[Dataset excerpts]
▶

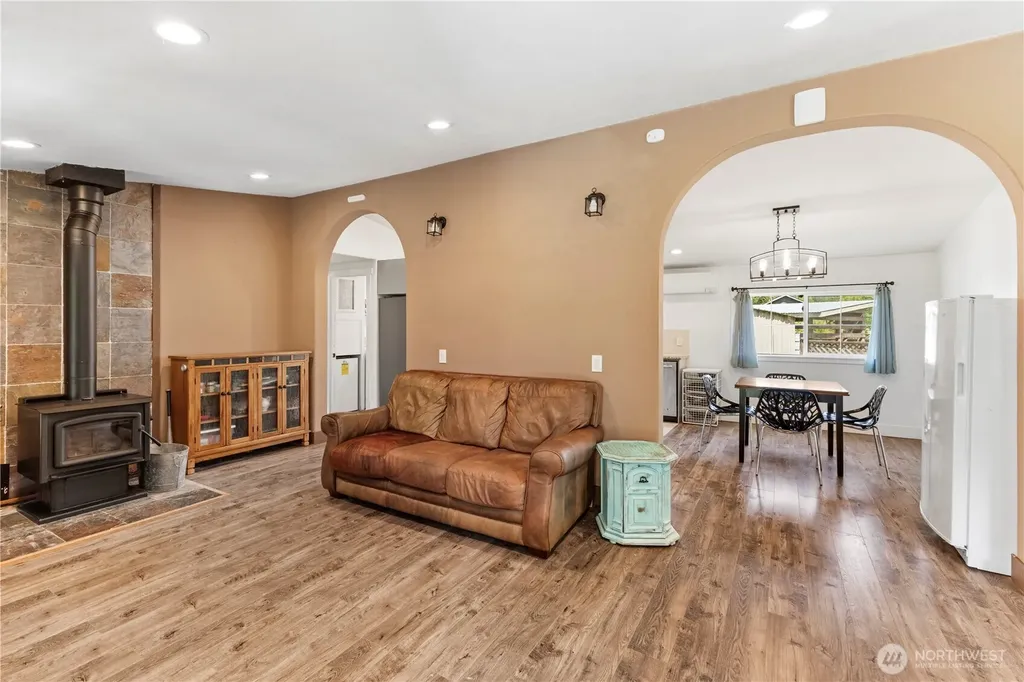 8324 Golden Valley Boulevard Maple Falls WA 98266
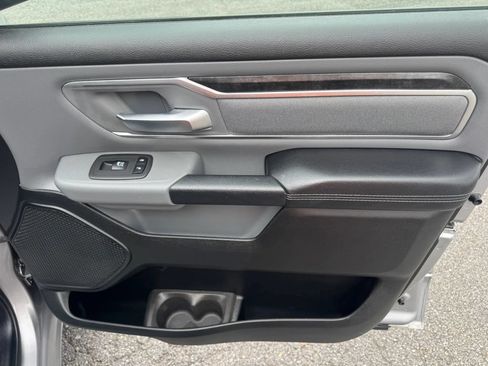 Used 2019 RAM 1500 Big Horn AWD/4WD image 49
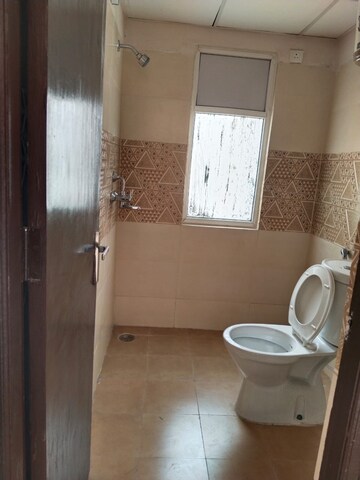 Bathroom in 3 BHK Apartment at Amrapali Golf Homes, Sector 4 Greater Noida – for Rent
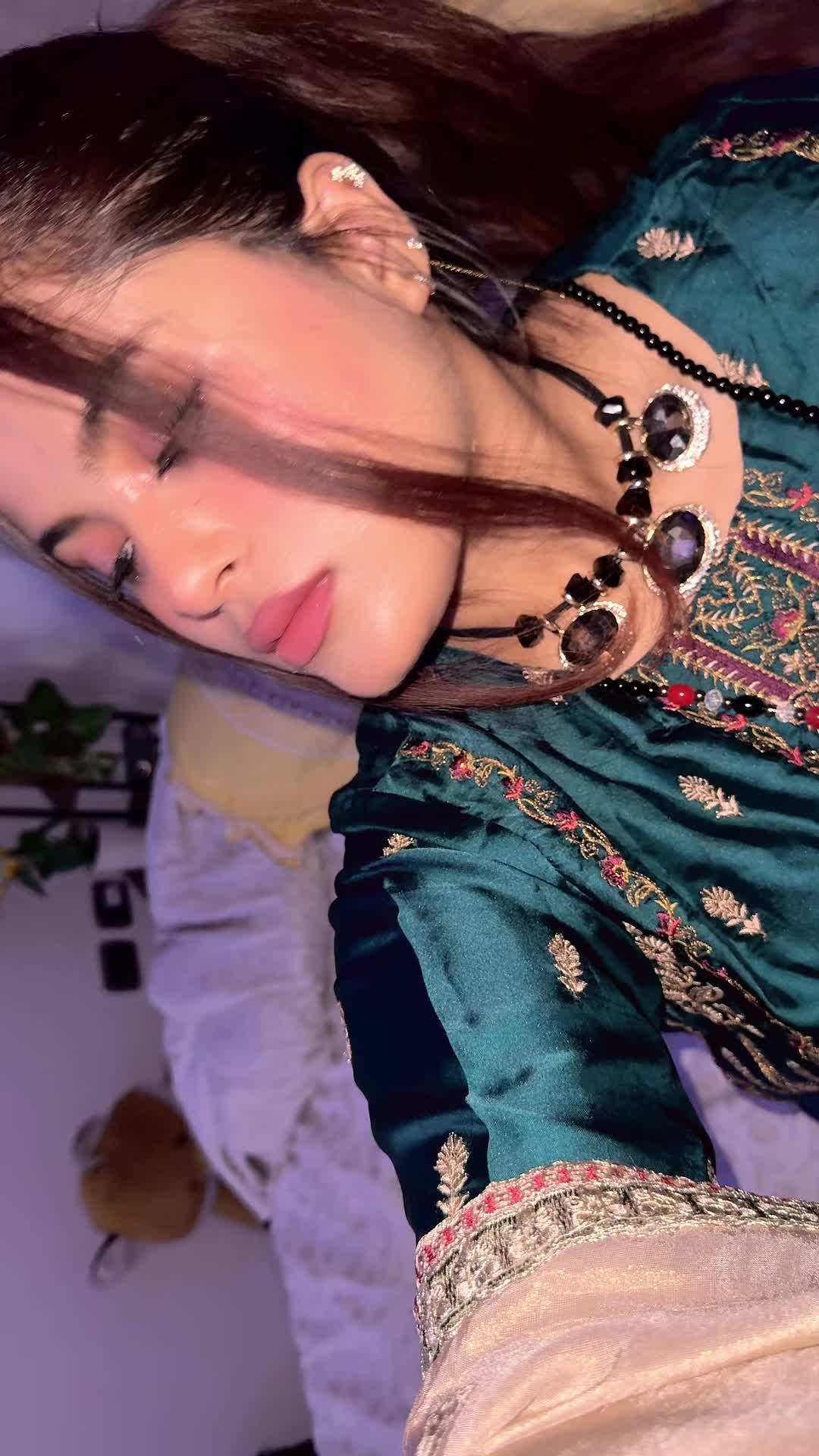 @SNEHA💖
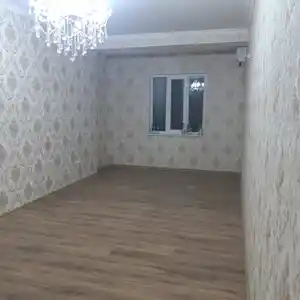 2-комн. квартира, 2 этаж, 56 м², повороти Ленинград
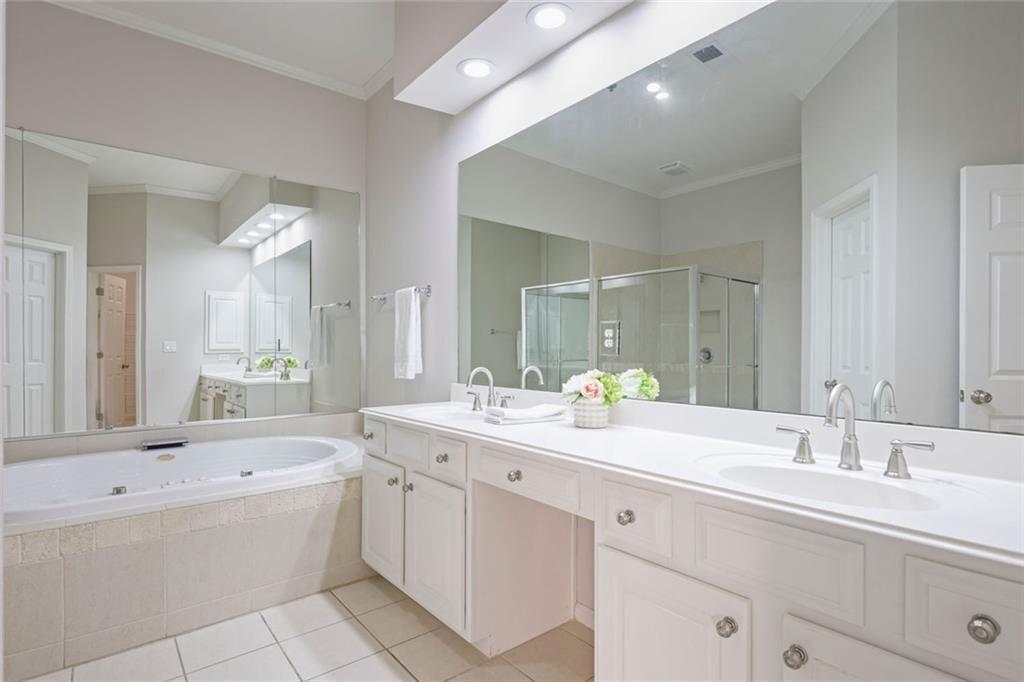 478 Vinings Estates Drive SE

◀

> Work to be completed:
Without the pictures, write out every line above exactly as it appears.

> Answer below:
 8324 Golden Valley Boulevard Maple Falls WA 98266
 Used 2019 RAM 1500 Big Horn AWD/4WD image 49
 Bathroom in 3 BHK Apartment at Amrapali Golf Homes, Sector 4 Greater Noida – for Rent
 @SNEHA💖
 2-комн. квартира, 2 этаж, 56 м², повороти Ленинград
 478 Vinings Estates Drive SE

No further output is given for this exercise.